PACER Plus Trade Agreement A Farce Without Fiji
How can PACER Plus regional trade negotiations conclude and a venue for the signing of the final document be finalised without Fiji?
And, where did Australia and New Zealand trade ministers get the idea that Fiji had opted not to sign?
Fiji thought the negotiations were still ongoing. As far as Fiji is concerned, they were still having discussions.
The meeting where the so-called final discussions were held, was not attended by the Minister for Industry, Trade and Tourism Faiyaz Koya. He gave it a miss because of prior commitments here.
It is not that others were not told of this. It is not that the Fijian Trade Minister had kept this top secret.
Fiji had written to them asking that the meeting be deferred. Fiji most certainly did not say that they were opting out of it.

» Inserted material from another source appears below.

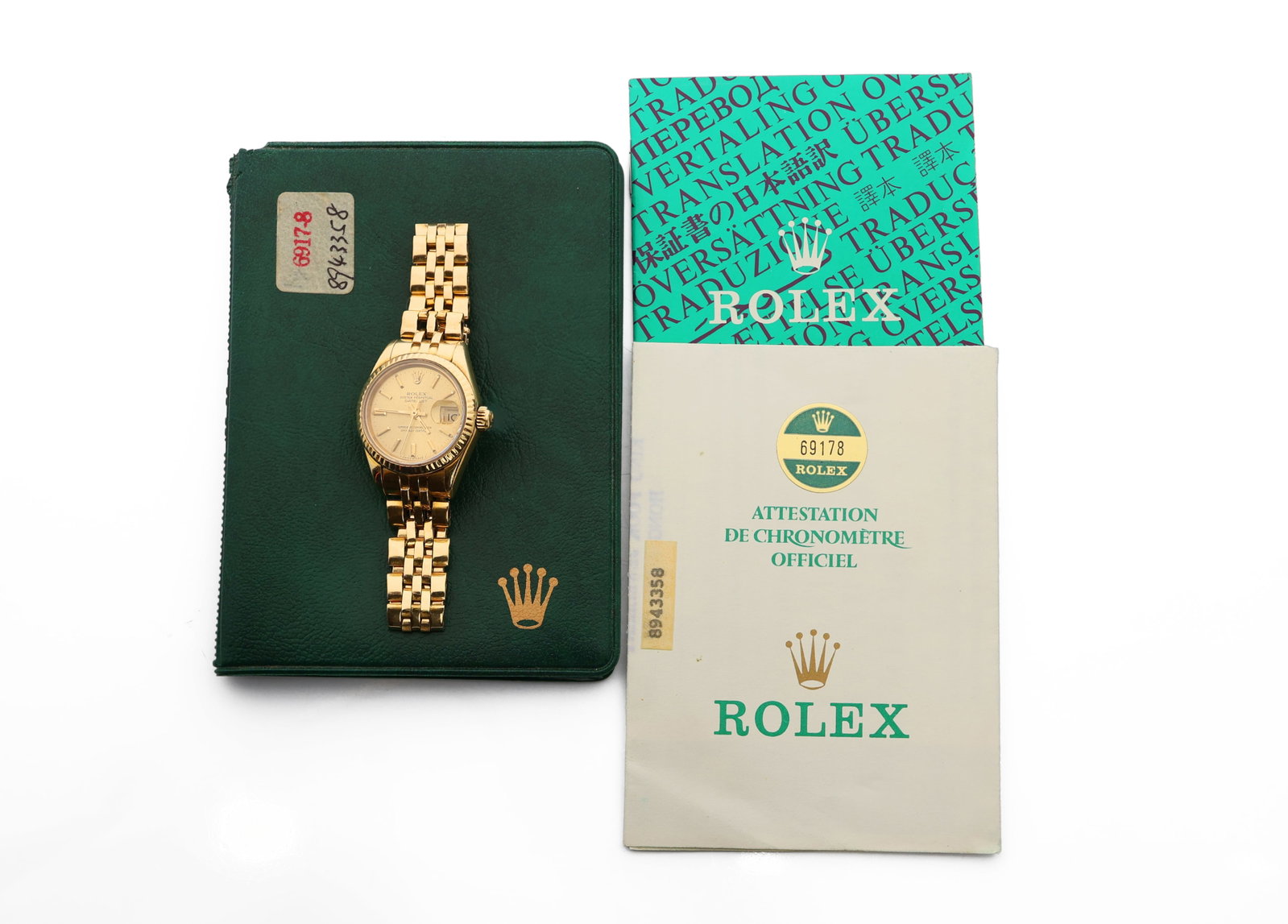 Rolex Lady-Datejust 69178 18K Gold President Watch: Brand: Rolex Model: Lady-Datejust Reference: 69178 Year: 1981 Serial Number: 6943XXX Case Size: 26 mm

Fiji did not opt out of PACER Plus negotiations, it was excluded.
It appears that Australia and New Zealand had used strong arm tactics to keep Fiji out.
It is shocking that New Zealand Trade Minister Todd McClay’s office released a media statement after the so-called finalising of negotiations.
This is what he had to say: “This is a significant achievement. After eight years of negotiations, we can now focus on implementing an agreement which future-proofs our access whilst helping develop their export economies….
“The agreement will also create a common set of trading rules covering goods, services and investment in support of economic growth. These rules will help reduce tariffs and red tape for exporters and investors, which will increase the attractiveness of the region for trade and investment.
“The 14 countries participating in PACER Plus are New Zealand, Australia, Cook Islands, Federated States of Micronesia, Nauru, Kiribati, Niue, Palau, Republic of Marshall Islands, Samoa, Solomon Islands, Tonga, Tuvalu, and Vanuatu.”
No, Mr Clay, Fiji is also a country participating in PACER Plus and you cannot, at a whim, decide that Fiji’s absence is a sign of their non-participation. Word had been sent about the unavailability of the Trade Minister to attend the Brisbane meet.
To make matters worse, Australian Trade Minister Steven Ciobo was quoted by the media confirming “both Fiji and Papua New Guinea had elected not to sign up.”
Who is he to speak on Fiji’s behalf? Did he get any written confirmation from Fiji that we were not signing?
Was this being done to hasten the process so that the points that Fiji had been arguing, which, by the way would benefit Pacific Island countries, are silenced?
Mr Ciobo and Mr Clay can be rest assured that Fiji is not going to keep quiet about this. The two have made a mockery of eight long years of negotiations. The “agreement” was a farce, engineered by Australia and New Zealand.